The smartphone app that we have introduced herein circumvents the need for a force sensor by varying the internal BP via hand raising and accurately measuring the hydrostatic pressure change with the accelerometer. In conventional oscillometry, the external pressure of the artery is swept. The clever idea of implementing oscillometry via internal BP changes induced by hand raising was proposed by Shaltis et al.20,21,22. These investigators built a finger worn ring comprising a PPG sensor, accelerometer, and force sensor. This ring could potentially measure systolic and diastolic BP from the function relating the blood volume oscillation amplitude to the difference between the contact pressure of the ring on the finger and the hydrostatic pressure change (ρgh, via the accelerometer). However, the investigators did not address how to attain and maintain a finger contact pressure around the mean BP to obtain a full oscillogram. This step is not only an enabling one but also nontrivial, because mean BP is essentially what is sought for measurement. Furthermore, they only published results from five volunteers, so the ‘oscillometric hand raising method’ has remained mostly theoretical until now.

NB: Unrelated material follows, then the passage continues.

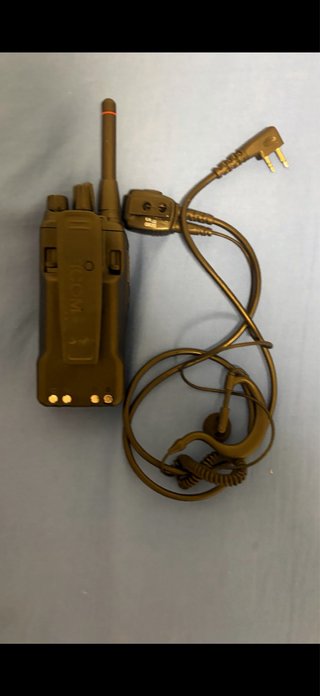 Radio Icom con Auricular y Micrófono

Our overall idea was to translate the oscillometric hand raising method for implementation as a smartphone app (see Fig. 1). We needed to conceive two key innovations to realize the app. Firstly, we devised a procedure to determine and maintain the proper thumb contact pressure on the phone using combined guidance from the blood volume oscillations via the front camera and the adjacent screen touch sensor. Secondly, we eliminated the need for a force sensor by using the screen touch sensor as a surrogate and focusing on PP. We also showed that PP plus other readily available information can effectively detect systolic hypertension with ROC AUC of 0.9 by training and testing neural networks on a population-level database (see Figs. 3C, D). (PP with the other information could detect general hypertension (systolic BP ≥ 130 mmHg or diastolic BP ≥ 80 mmHg) with ROC AUC of 0.81 (not shown).)
While we came up with the main ideas prior to embarking on the study, it turned out to be a long journey to reach the final app and results. We ended up developing a number of different devices, as shown in Fig. 4, and studying the devices in volunteers with arm cuff PP as reference. Overall, we performed around 100 human studies under IRB approval in this work. We describe these initial studies below to importantly explain why the final app is the way it is.

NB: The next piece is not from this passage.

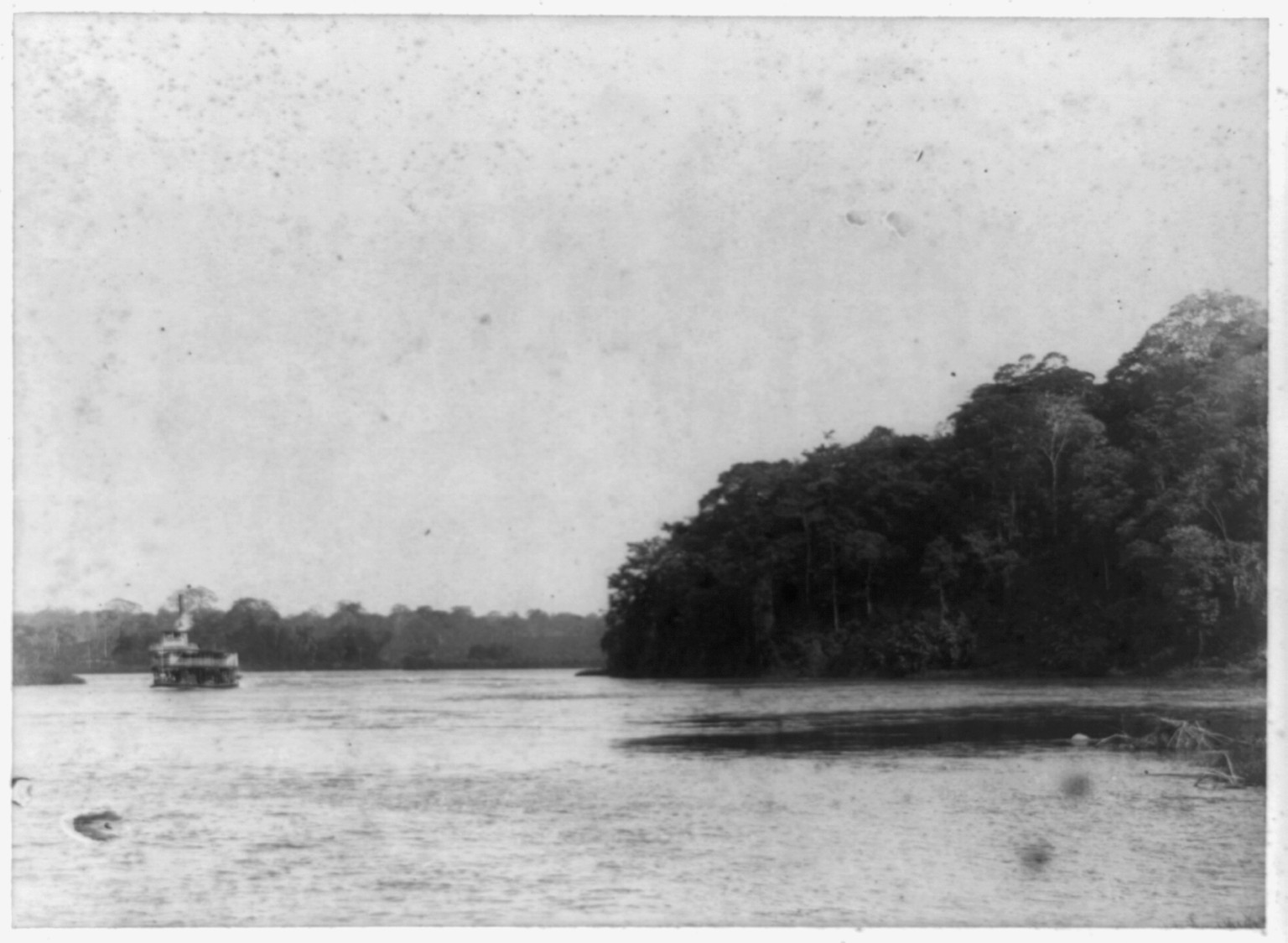 [River steamer Irma near Machuca Rapids, on San Juan River, in Nicaragua], [between 1885 and 1893] — historic photograph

We started with ‘ideal sensors’ to see if the oscillometric hand raising method even works (Fig. 4A, Supp. Mat. 3). We were concerned about the possibility of changes in smooth muscle contraction when raising the entire arm, which would violate the oscillometry assumption that the sigmoidal arterial blood volume-transmural pressure relationship is invariant during the measurement. Using a transmissive-mode infrared PPG clip with a Velcro tightening wrap and a fluid-filled tube-manometer system to directly measure ρgh, we found that PP could be measured fairly well via slow, continuous (rather than incremental) hand raising or lowering. This initial study convinced us that the oscillometric hand raising/lowering method is worthy of pursuit.
We studied wrist devices as an alternate way to implement the method (Fig. 4B, Supp. Mat. 4). While such devices are far less used than smartphones, the PP measurement would be more convenient in that the user would not have to maintain the contact pressure on the sensor. We found that devices embedded with PPG and direct ρgh sensors could measure PP well when the PPG sensor was placed over the radial artery but not the back of the wrist (similar to many consumer devices). However, locating the radial artery was too difficult. We concluded that smartwatches and fitness trackers currently in use cannot be converted into absolute BP sensors.

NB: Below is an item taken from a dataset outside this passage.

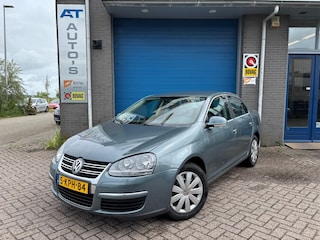Volkswagen Jetta 1.6 COMFORTLINE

We began our study of smartphones using an iPhone X (Fig. 4C, Supp. Mat. 5). We could thus assess the feasibility of the user in maintaining the contact pressure during the hand raising via ‘ideal guidance’ with a direct contact force measurement (3D touch). We also initially explored the rear camera with flash for best measurement of the PPG waveform (from the index fingertip). However, smartphones have different rear camera configurations, so the app would have to be substantially modified for each phone. The front camera, on the other hand, is relatively standard and became our focus for greater generality. We found that users could indeed maintain the contact force during hand raising and lowering. We also determined that visual feedback of thumb contact was necessary, as there is a general tendency for the user to increase/decrease thumb contact pressure when performing hand raising/lowering due to the weight of the phone. We importantly found that holding the phone firmly with the supporting hand could mitigate this tendency.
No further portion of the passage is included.